# Girl's Question! This hobby is he** on my manicure...



## hisplaceresort1 (Mar 10, 2014)

So, I can't be the only cichlid keeper that tries to keep up her manicure!

Are there any gloves out there that are safe, disposable, and stay tight enough around the wrist/arm/whatever to keep the water out???

Look, I like to do my manicure on Friday or Saturday, and my water changes on Sunday... Soaking your hands in tank water is NOT conducive to maintenance of a manicure!

OK, guys may be laughing, but you know you appreciate it when your girls look their best... 

Thanks!


----------



## The Cichlid Guy (Oct 18, 2014)

I used to try and rig up disposable gloves and rubber bands to protect my hands when I washed dishes at an ice cream store, (the cold temperatures made my skin crack,) but was never successful.

Most kitchen gloves are too short for most tanks, but maybe you could attach them to a jacket and seal the seam?

Worst case scenario, you could always invert your schedule and do your maintenance before your nails, so at least they'd last the week.


----------



## Cichlid Debby (Mar 21, 2014)

There are plastic gloves that are shoulder length that vets and dairy farmers use for certain unpleasant exams for cows and horses. 
You would still need to find a way to attach at the shoulder when you reach into the tank.


----------



## chopsteeks (Jul 23, 2013)

".....girls look the best......"

I do not notice the nail unless it is real dirty........ :dancing:


----------



## hisplaceresort1 (Mar 10, 2014)

Yes, Cichlid Guy... I tried that with the rubber bands, too... and it doesn't work...

Cichlid Debby - that sounds like a good idea... SURELY someone makes those that will be tight at the ends...

...and chopsteeks...  I wonder what you _are _noticing... ?!


----------



## james1983 (Dec 23, 2007)

How about something like this?

http://www.drsfostersmith.com/product/p ... atid=25864


----------



## hisplaceresort1 (Mar 10, 2014)

james1983!!!!!!!!!!
Outstanding!
I'm ordering some, and I'll let you know!


----------



## hisplaceresort1 (Mar 10, 2014)

Wow... James1983, I did my first water change with these gloves today... they are outstanding!

So, to keep the moderators happy, it's not necessarily the particular brand of gloves, but basically this _type _of gloves that lends itself to cleaning one's tank... And what _type _of gloves are they?

According to my husband, they are the type that make me look like I was ready to assist the local veterinarian in delivering livestock... "Laugh it up, chucklehead", I told him... "When you take me out to dinner, my manicure will _still _be fabulous!"

Seriously, everyone should get this type of gloves for cleaning their tanks... :dancing:


----------



## beachtan (Sep 25, 2008)

I agree!
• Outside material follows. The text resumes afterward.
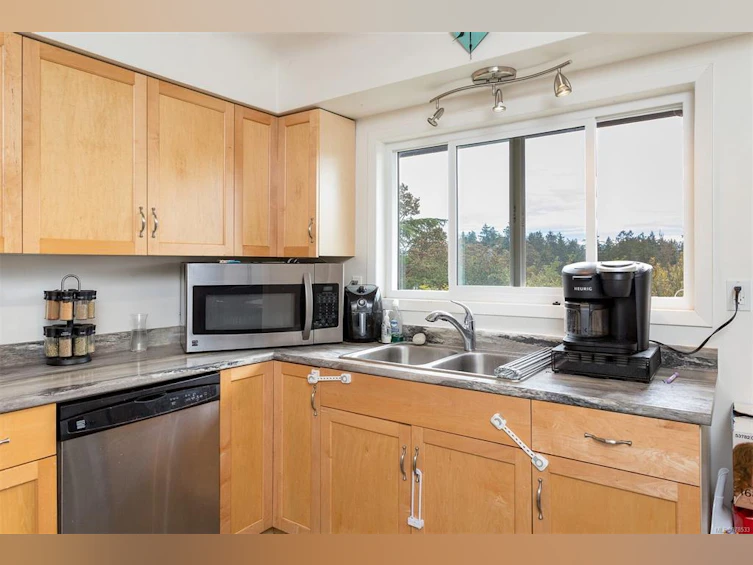 617 Sedger Road, Saanich, BC, V8Z 1R9 - 21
I have acrylic nails and these gloves are awesome! If anyone wonders, the Large is 25" from tip of finger to armpit. They are VERY thick - i am average size and shouldve ordered a medium instead of large (they are a little loose on my hands). they are a bit hard to do detail work in the tank as they are so thick. I've had them for 3+ years and they are still in perfect condition.


----------



## sirdavidofdiscus (Dec 8, 2006)

I'm curious if the nail polish or adhesives used for acrylic nails are harmful to the fish. I guess another reason to use gloves


----------



## hisplaceresort1 (Mar 10, 2014)

I have the medium, and they still hit me in the armpits, almost. I wonder if I could've gotten away with the small, because they are a little loose on my hands, but it's not a bit deal - I only had to take them off once or twice during the process (like to grab the really small spoon for the buffer.)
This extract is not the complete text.